Carlos Antonio HERNANDEZ, Petitioner, Appellant, v. Janet RENO, Attorney General of the United States, et al., Respondents, Appellees.
Carlos Hernandez is a native and citizen of the Dominican Republic who entered the United States as an immigrant in 1982. In 1989, Hernandez was convicted in state court of distributing cocaine. As a result, the INS commenced deportation proceedings against Hernandez, charging him with being removable under section 241 of the Immigration and Nationality Act (“INA”), 8 U.S.C. § 1251 (1988), because his conviction qualified as an aggravated felony, id. § 1251(a)(4)(B), and a narcotics violation, id. § 1251(a)(11). (U.S.Code references are to the 1994 edition unless otherwise indicated.)
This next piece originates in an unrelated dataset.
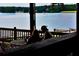 Scenic view of the lake from a covered porch, perfect for enjoying the outdoors at 6026 Belle Meade Ct, Villa Rica, GA 30180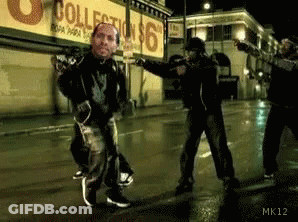 Men Dancing On Street At Collection Store GIF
In November 1989, Hernandez conceded deportability and applied for a waiver of deportation under INA section 212(c), 8 U.S.C. § 1182(c). At his hearing which commenced in August 1990, Hernandez argued that his family ties to the United States, job history, and rehabilitation made him eligible for discretionary relief from deportation. The immigration judge disagreed, denying Hernandez' request for waiver because the “adverse factors in [his] case so greatly outweigh[ed] the social and human considerations presented.” Hernandez was ordered deported on September 4, 1992.1
Five days later, Hernandez' counsel filed a timely notice of appeal with the Board of Immigration Appeals (the “Board”). The notice stated that a brief on the issues would be filed separately, but Hernandez' counsel failed to submit one. As a result, on October 28, 1993, the Board summarily dismissed the appeal, stating that Hernandez had failed to “meaningfully identify the particular basis” for his claim. 8 C.F.R. § 3.1(d)(1-a)(i)(A) (1993). Although under then-existing law Hernandez had the option of appealing the Board's decision to this court, no appeal was taken. See INA § 106(a), 8 U.S.C. § 1105a(a), repealed by Illegal Immigration Reform and Immigrant Responsibility Act of 1996 (“IIRIRA”), Pub.L. No. 104-208, § 306(b), 110 Stat. 3009-546, -612 (1996).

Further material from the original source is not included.